● **PROBLEM DETAILS**
For the entries below, print exactly the lines between the line holding "Deluxe Room, 1" and the line holding "Super Meat Boy", inclusive, and nothing else.

● **EXERCISE MATERIAL**
━━━━━━━━
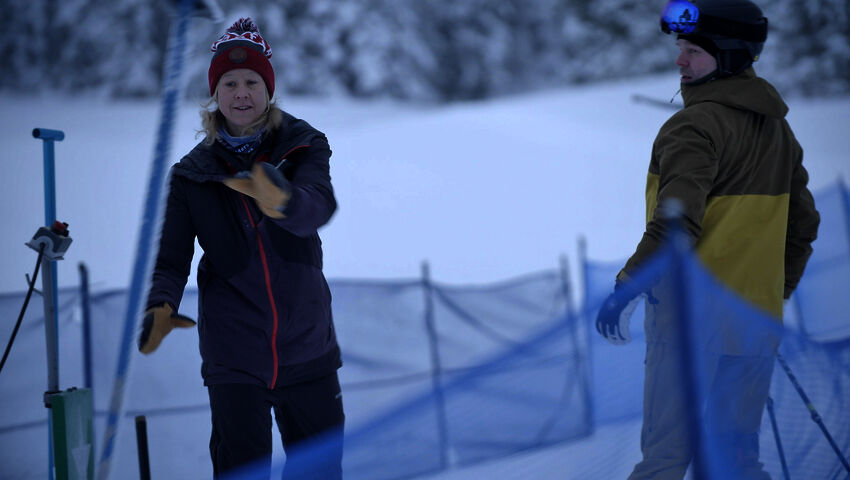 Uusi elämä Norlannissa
━━━━━━━━
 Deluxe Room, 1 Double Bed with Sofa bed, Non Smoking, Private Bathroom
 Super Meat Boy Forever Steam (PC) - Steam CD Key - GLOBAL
━━━━━━━━
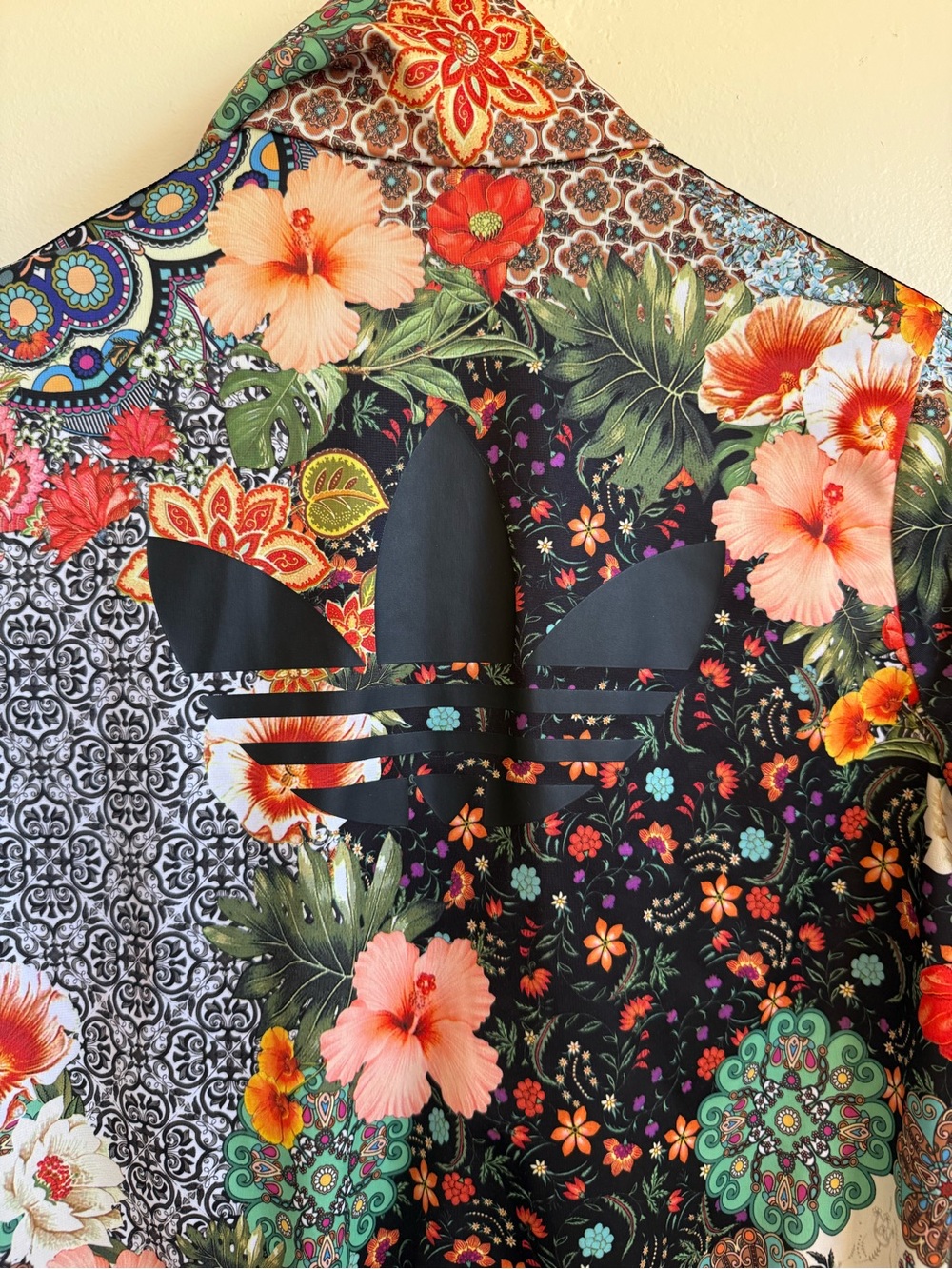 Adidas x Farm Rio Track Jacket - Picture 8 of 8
━━━━━━━━
● **OUTPUT FOR THIS EXERCISE**
 Deluxe Room, 1 Double Bed with Sofa bed, Non Smoking, Private Bathroom
 Super Meat Boy Forever Steam (PC) - Steam CD Key - GLOBAL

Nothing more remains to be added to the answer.